With the growing popularity of electric cars set to vastly increase demand for batteries, the EU funding will be allocated to companies working across the battery supply chain, from raw and advanced materials, cells and modules, battery systems and repurposing to recycling and refining, the commission said in a statement. The public funds are expected to prompt an additional €5 billion of private-sector investment.

"Battery production in Europe is of strategic interest for our economy and society because of its potential in terms of clean mobility and energy, job creation, sustainability and competitiveness," said Margrethe Vestager, EU competition commissioner.

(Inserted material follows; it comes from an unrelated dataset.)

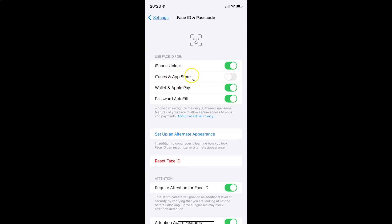To enable Face ID for iTunes and App Store, you have to enable the toggle button next to iTunes and App Store. To enable this toggle button you have to tap on it so that the slider moves to the right. Let me tap on it.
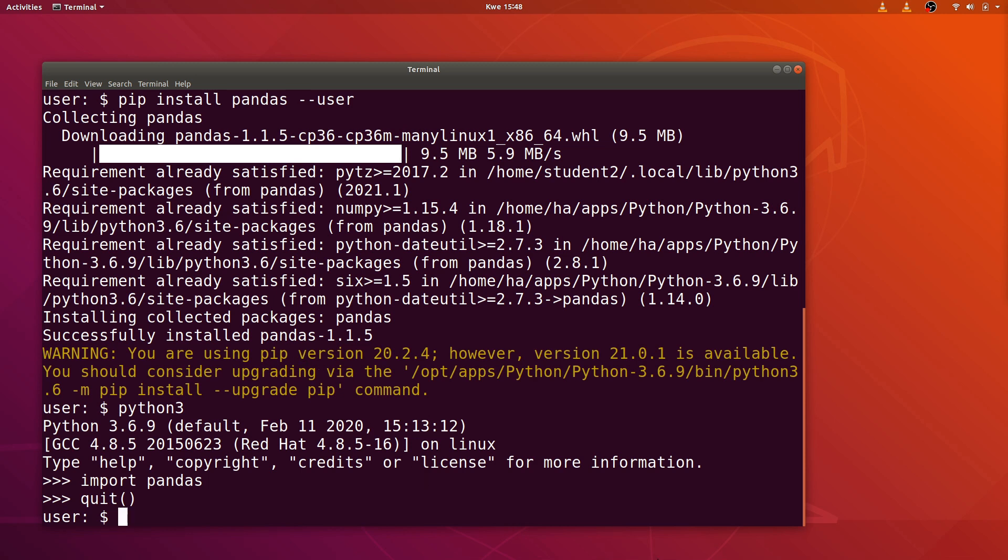That is how we install a Python package in Linux. This same command can also be used in Windows for installing Python packages and libraries. Thanks for watching and I'll see you in the next video. Bye bye.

The contributors of the funds are Belgium, Finland, France, Germany, Italy, Poland and Sweden. Companies involved in the projects include Bayerische Motoren Werke AG, Eneris SA, Keliber Oy, Nanocyl SA, Solvay, Terraframe, Umicore, ACC, Endurance, SEEL, Varta AG, Enel X International Srl, Kaitek Srl, Elemental, FAAM and Fortum Oyj. A consortium of French carmaker Peugeot SA, its German subsidiary Opel and French energy company TOTAL SA has also been approved.

The commission deemed that the proposed aid complied with special EU provisions that allow for it where private spending on research in areas of strategic importance to EU members would not otherwise happen. The commission noted that the aid also met specific requirements for the involvement of several EU states and that it was expected to be complemented by private sector investment.

Germany and France earlier announced that they would pledge €1.7 billion in state support to be distributed to consortiums of companies that come together to set up lithium-ion battery production within the EU.

European companies are looking to batteries, the single most valuable component in electric cars, to substitute the value they have historically generated from internal combustion engines, which are coming under increasing pressure from EU-mandated emissions reductions targets.